Programs embrace adding staff; can any B1G teams elevate from middle of the pack?

Coach Chris Tamas and Illinois senior associate director of athletics Bre Robinson/Ryan Kuttler photo

CHICAGO — After the NCAA changed the rule allowing volleyball teams to hire a third paid assistant coach, Chris Tamas didn’t have to look far for his new staff member.

The Illinois coach’s wife, Jen (Joines) Tamas, has been a volunteer coach since 2017 and was a natural fit to be elevated to full-time status. She was a four-time All-American at Pacific, played professionally for eight years and was the captain of the USA national team for four years. She had also served as a volunteer coach during Chris’s stints as an assistant coach at Nebraska and Cal Poly.

However, it wasn’t a shoo-in. He made her work for it a bit.

“I actually made her go through the interview process, just so you know. She passed the test tremendously,” Chris Tamas said Wednesday during the Big Ten volleyball media days. “She’s a tremendous coach, and she was a tremendous player. It’s one of those things where if I blindfold interviewed her, it would be her.”

Schools around the Big Ten took several approaches to the third assistant coach. Some added former players starting their coaching careers, while others elevated volunteer coaches or other off-court staff members to help with the increased workload. Everyone agreed that it was much needed and would help the sport.

Wisconsin coach Kelly Sheffield said he was encouraged to see every Big Ten member commit to support a larger staff. There might have been a little wait-and-see early on, but any apprehension was quickly removed.

“You make the decision that you’re either all the way in trying to compete at the highest level or you’re going to skimp. If you are not all the way in and you’re gonna get left in the dust in this league and in this sport,” he said. “Once a couple of schools made the decision, we are definitely going to do this. Every coach is banging on their boss’s door, saying we’ve got to do it. In most cases at most of these schools, the bosses are already wanting to run with it because they’re their competitors as well.”

Penn State and Nebraska added program legends who have just started their coaching journey. The Huskers added Jordan Larson, who is working part-time now as she wraps up her national team career, while the Nittany Lions tabbed Megan Hodge Easy, a three-time national champion.

PSU senior middle blocker Allie Holland said she’s counting the days until she can work with Hodge Easy. She visited the team in the spring and left a good impression.
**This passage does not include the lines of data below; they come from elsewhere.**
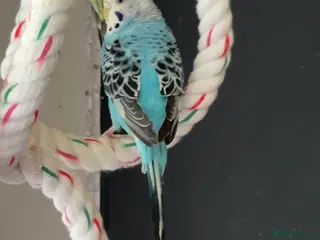 Budgerigars birds Budgie for sale between 6-10 months old - Advert 20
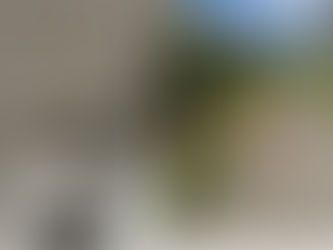 Informacija dėl liūties padarinių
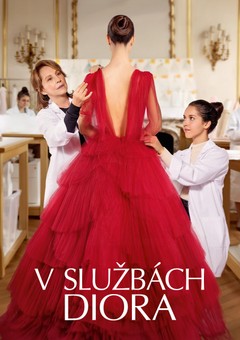 V službách Diora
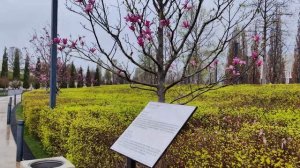 Парк Галицкого. Магнолии и "Капля" ("Геолокация"). Красн?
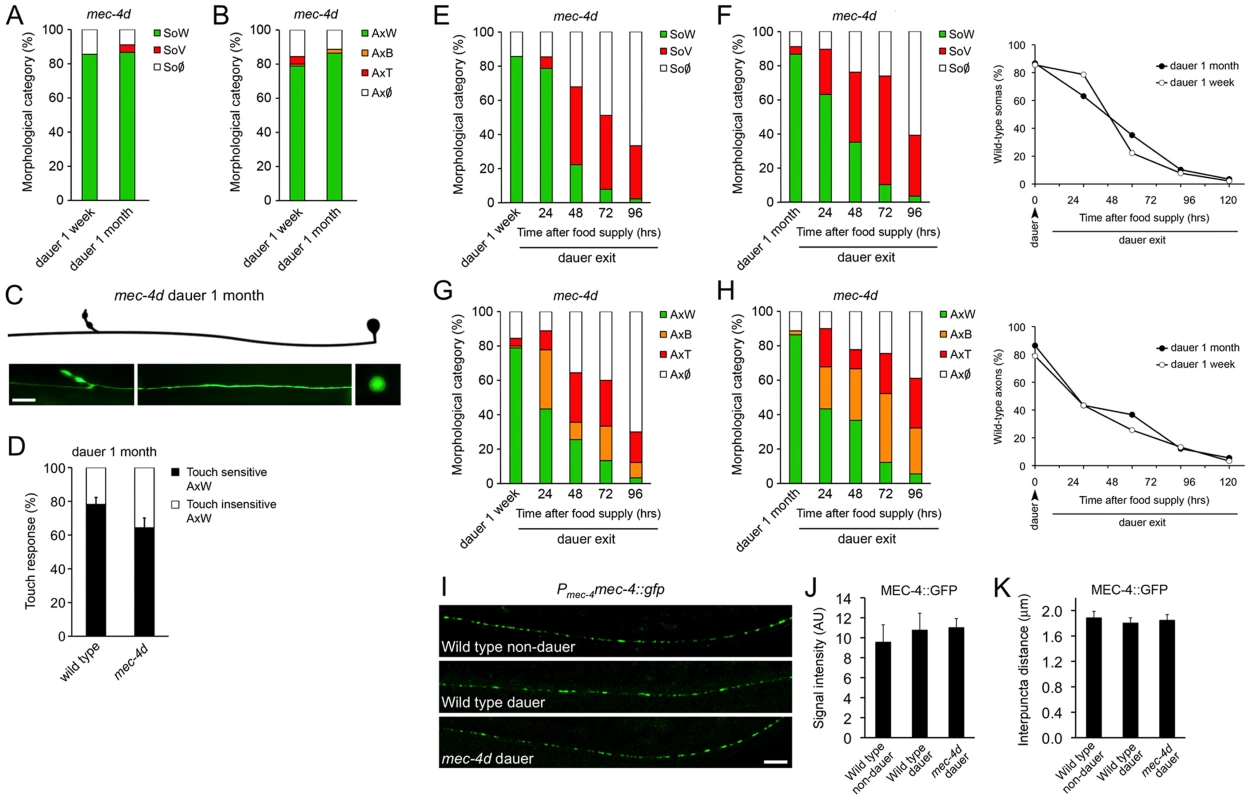 <i>C. elegans</i> dauer state prevents neuronal degeneration triggered by <i>mec-4d</i>.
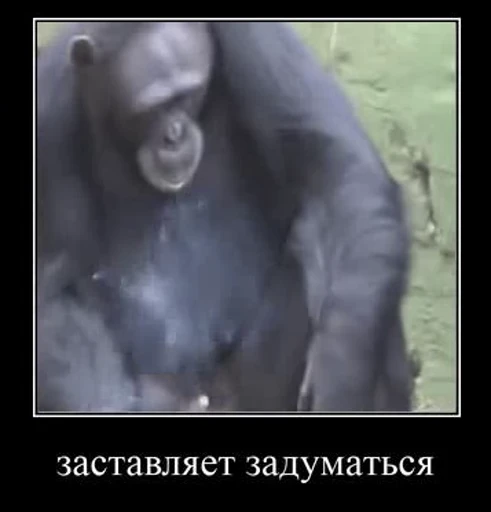 ❤️ Стикер «Джо Байден» для Telegram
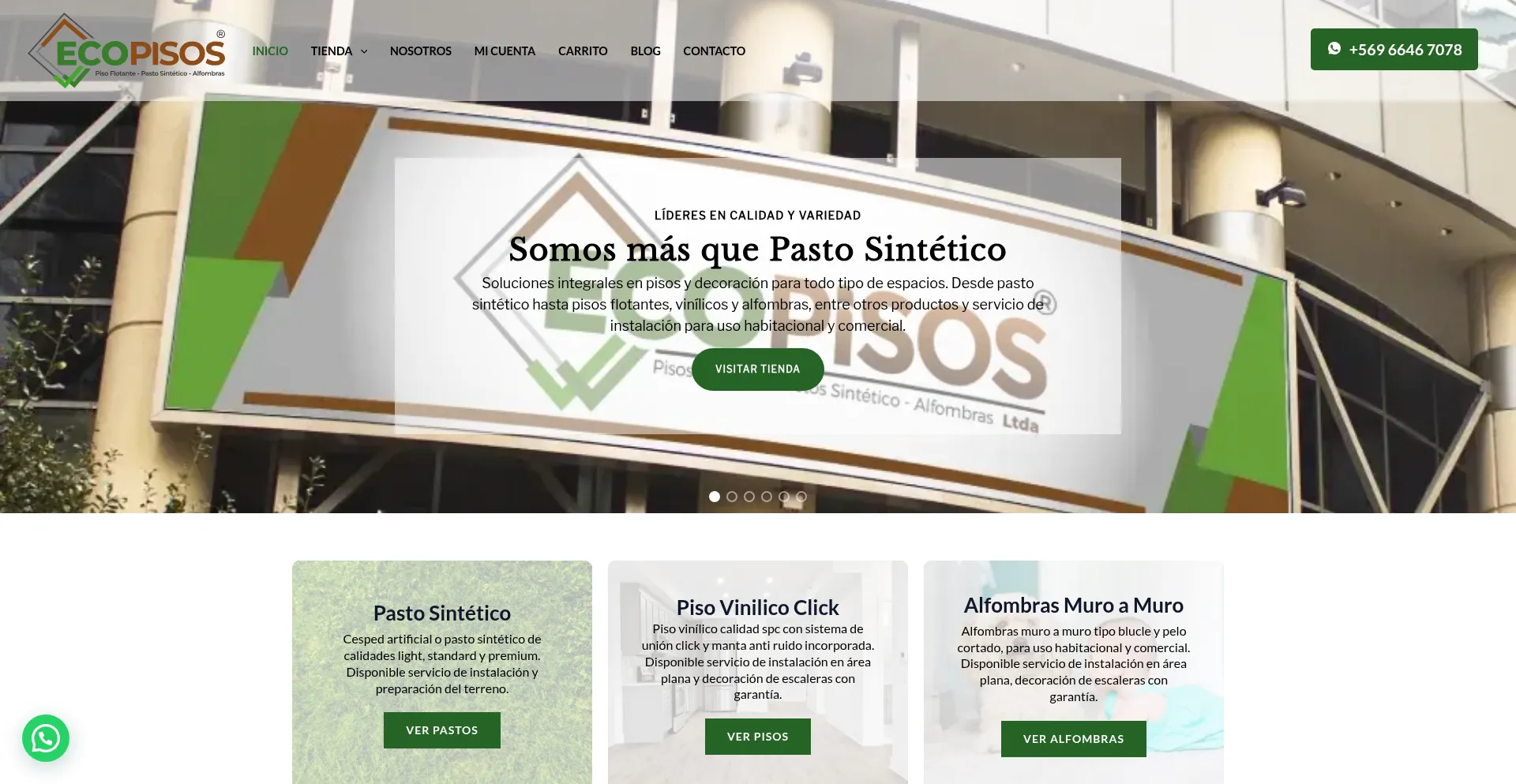 Ecopisosltda.cl é Seguro e Confiável?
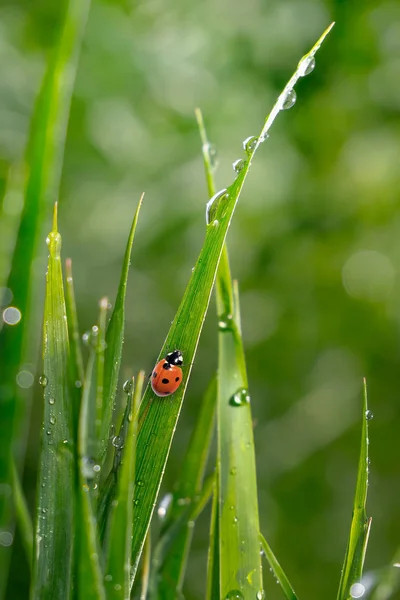 Green Grass Nature Raindrops Royalty Free Stock Photos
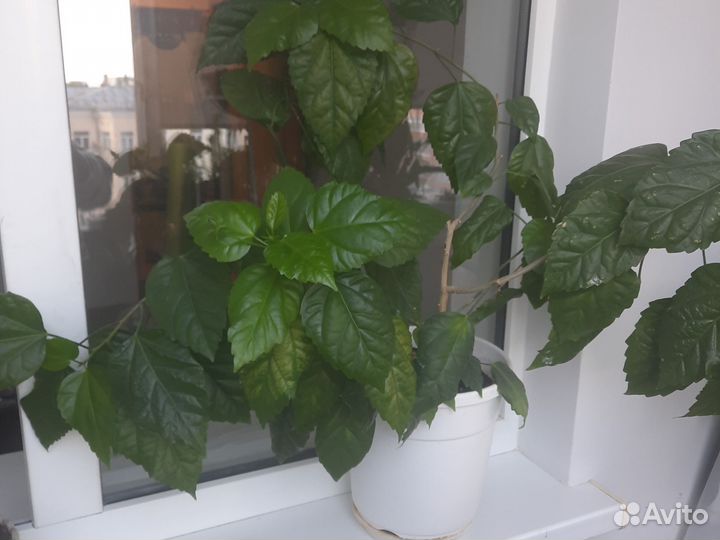 Гибискус китайская роза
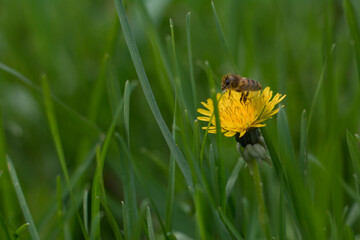 bee on a dandelion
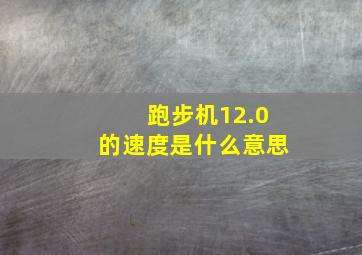 跑步机12.0的速度是什么意思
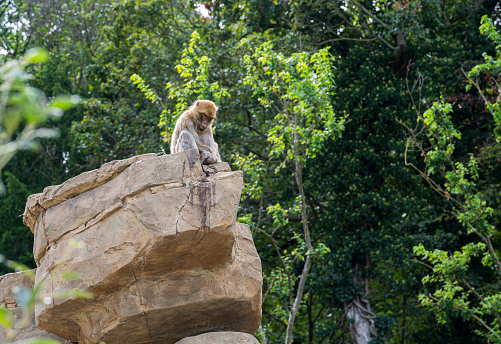 Barbary Macaque monkey sits high on a rock in a green forest.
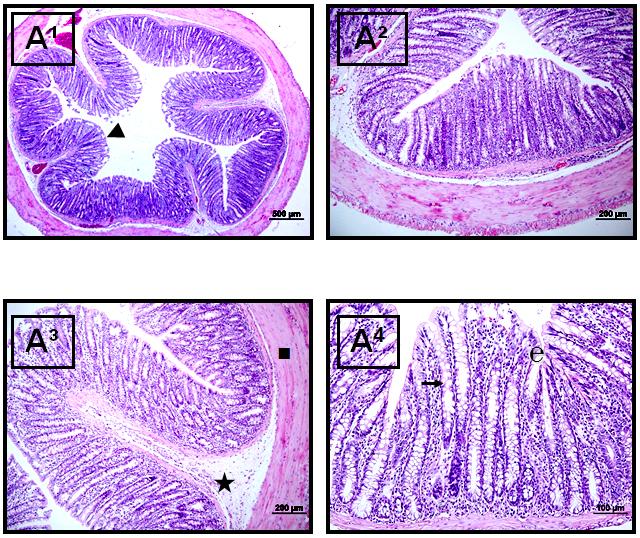 Sham grubunun ince barsak kesitlerinin mikroskobik incelenmesi sonucu, doku bütünlüğünün normal olduğu, lamina propriyada morfolojik değişikliklerin oluşmadığı ayrıca ülserasyon, mononükleer hücre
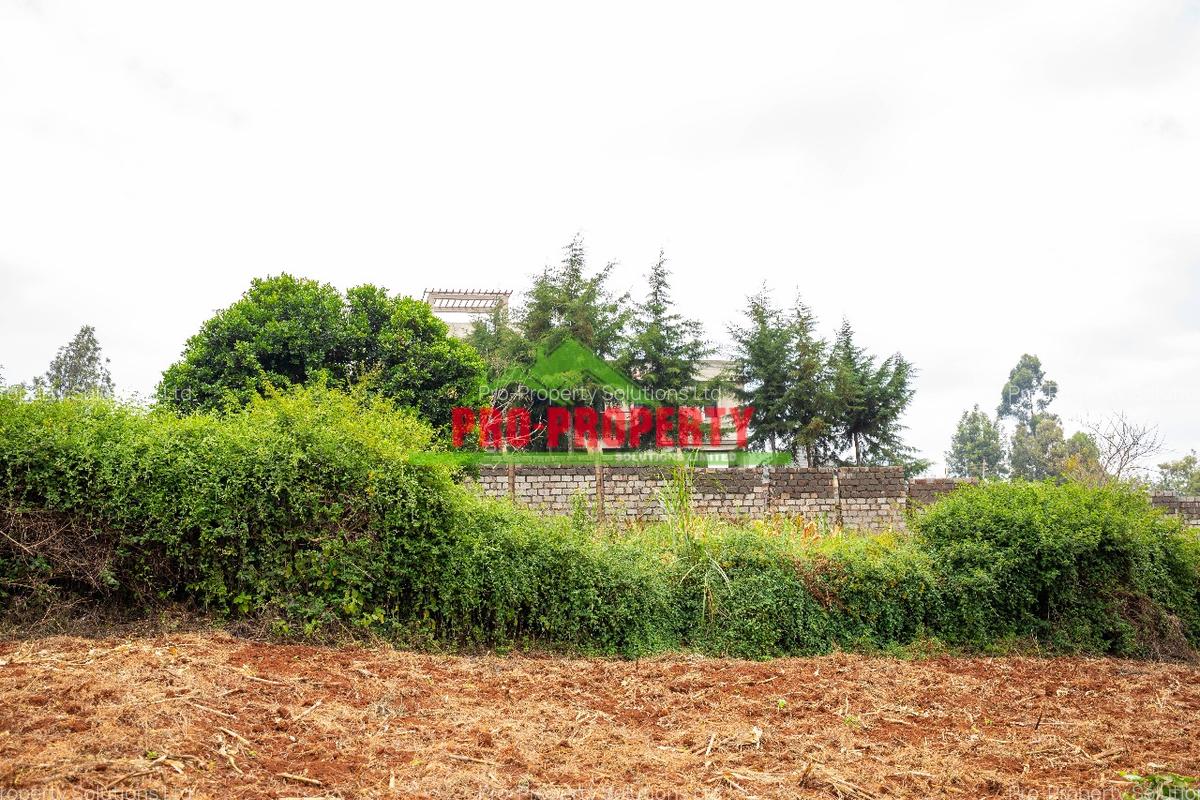 0.1 ha Residential Land in Kikuyu Town - 5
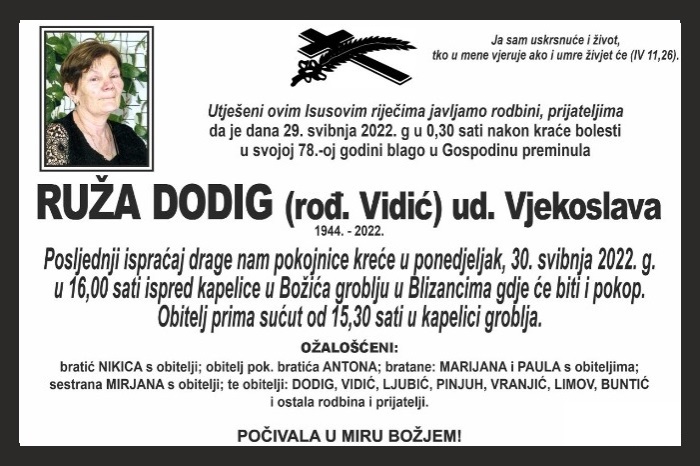 Ruža  Dodig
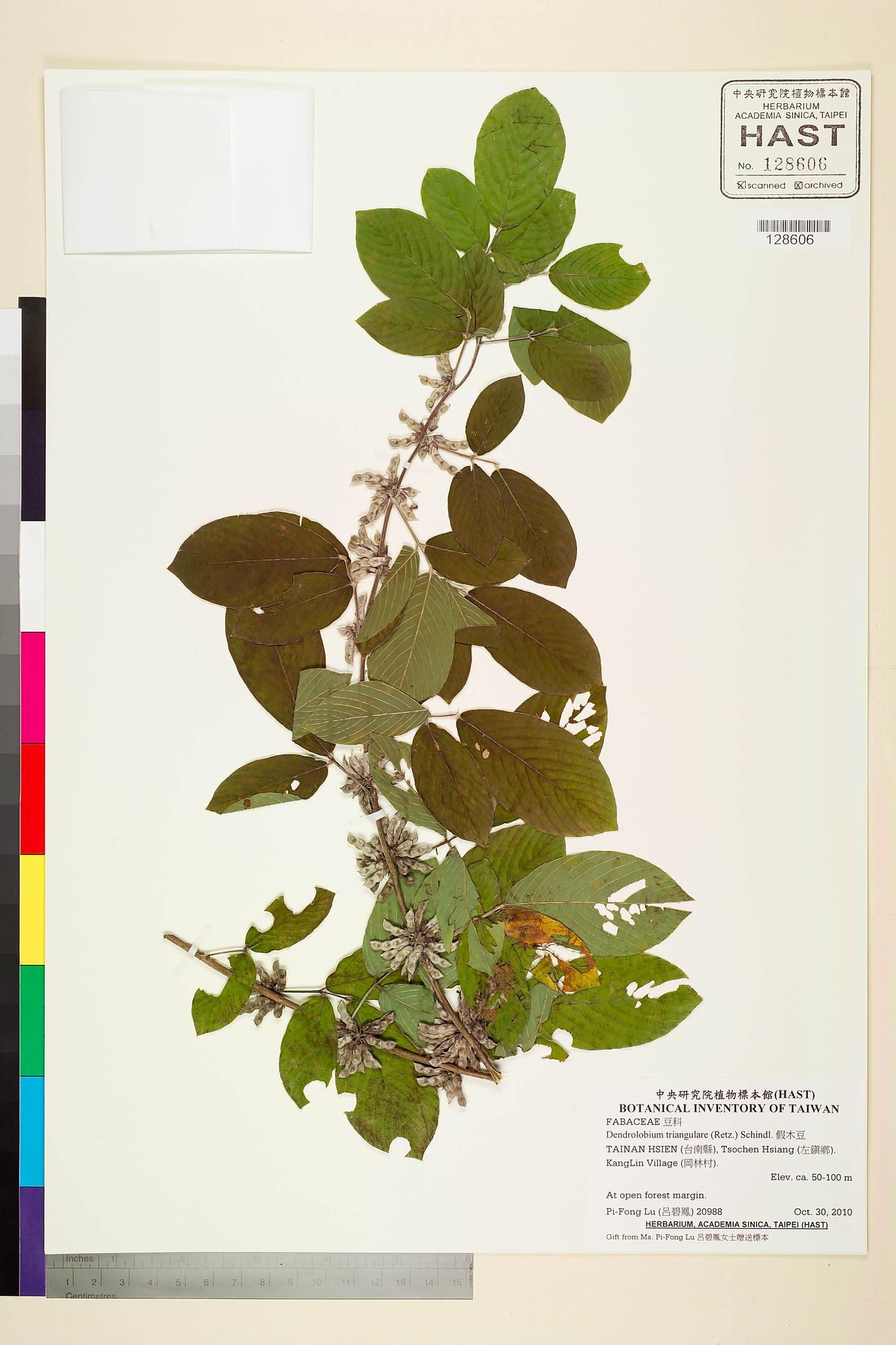 Sample image for viewer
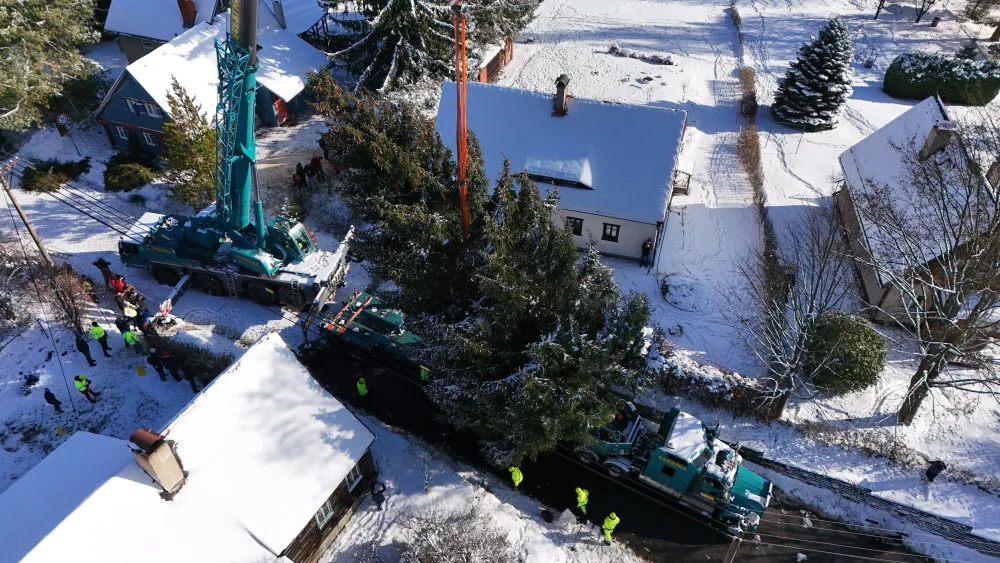 Vánoční strom pro Prahu už se veze. Na Staromáku bude stát od úterního rána
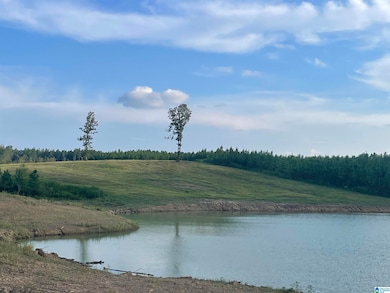 3679 Chelsea Rd, Columbiana, AL 35051 - photo 3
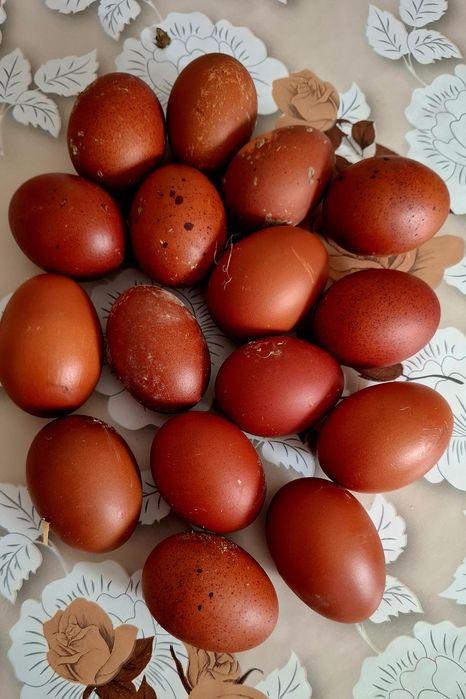 Ouă de incubat Marans negru arămiu super genetică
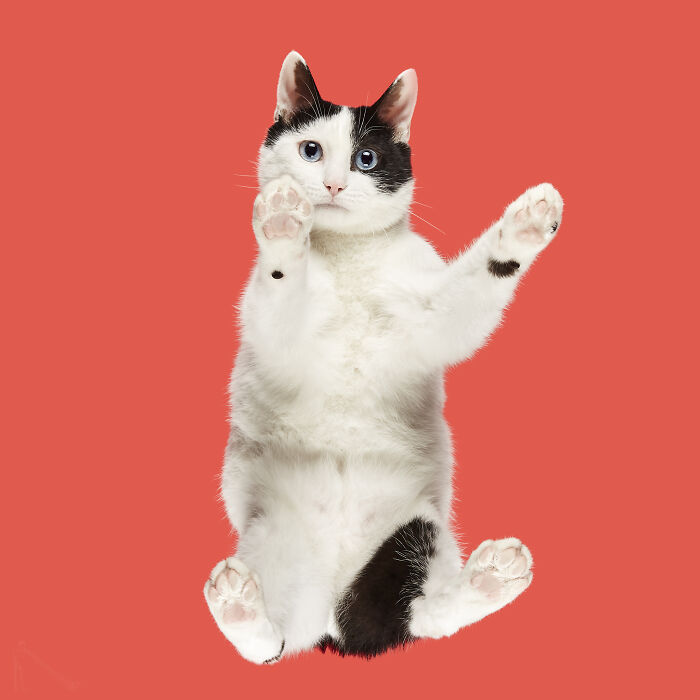 Cat with black and white fur and mismatched eyes in a funny pose against a bright red background, showcasing animals humor.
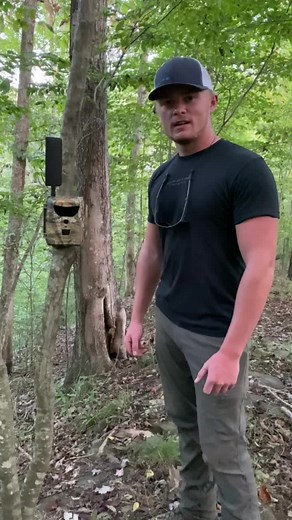 Trail Cameras Innovation: A Decade of Advancements
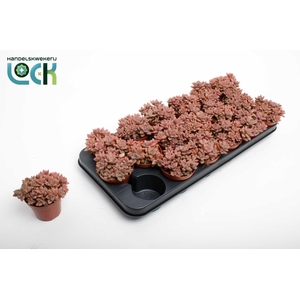 arr8 Sedum Bordeaux Hart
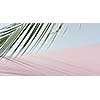 The green branch of an evergreen tropical palm tree with long leavest touches the tip of a duotone pink blue background. Slow motion of palm leaves. Full HD video, 240fps,1080p. Studio video shooting.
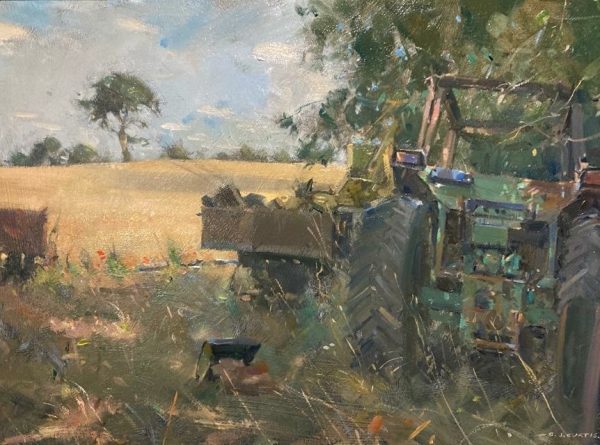 Field of barley, Broad Oak Farm (SOLD)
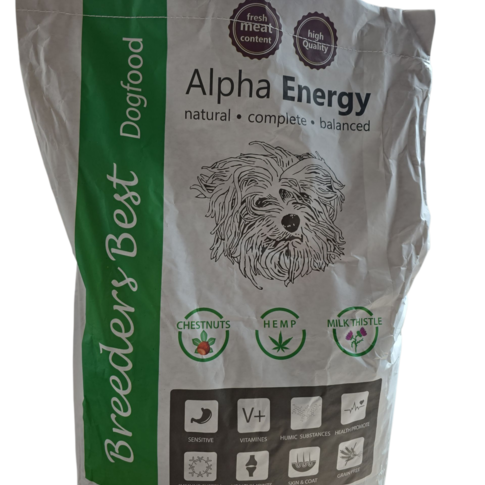 DOGODOG  Energy
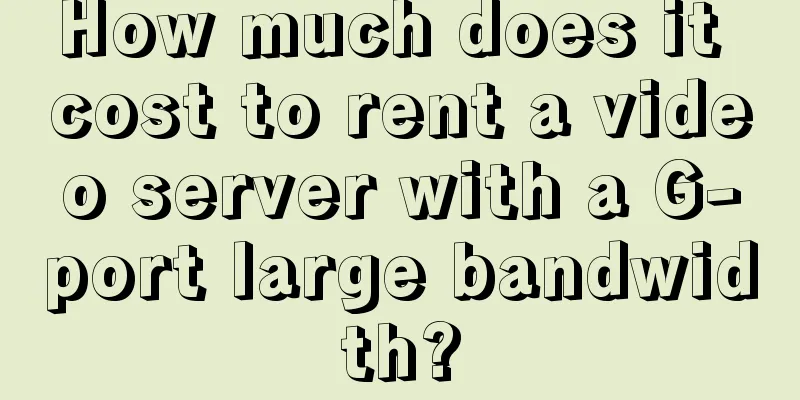 How much does it cost to rent a video server with a G-port large bandwidth?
“Just having another Penn State icon in our gym is going to be so helpful to us,” Holland said. “Having these female, strong athletes that have played at Penn State, one here with me (coach Katie Schumacher-Cawley) and also Megan, is going to be huge.”

Former Minnesota libero CC McGraw joined the Louisville staff fresh off wrapping up her playing career. Her former Golden Gopher teammates were excited about her new opportunity.

“She’s an amazing human, super easy to talk to. She’s great with other people,” Minnesota setter Melani Shaffmaster said. “She’s able to coach because she does understand how the players are understanding a lot of the information and what they actually need to be doing because she lived it very recently. So I think coaching is a great fit for CC.”

Rutgers added a recently retired men’s volleyball player as its third assistant. Ryan Mather finished his playing season this past weekend and officially started for the Scarlet Knights on August 1. He was an assistant at Lafayette College last season.

Meanwhile, several other programs are sliding over people already on staff from behind-the-scenes roles onto the bench.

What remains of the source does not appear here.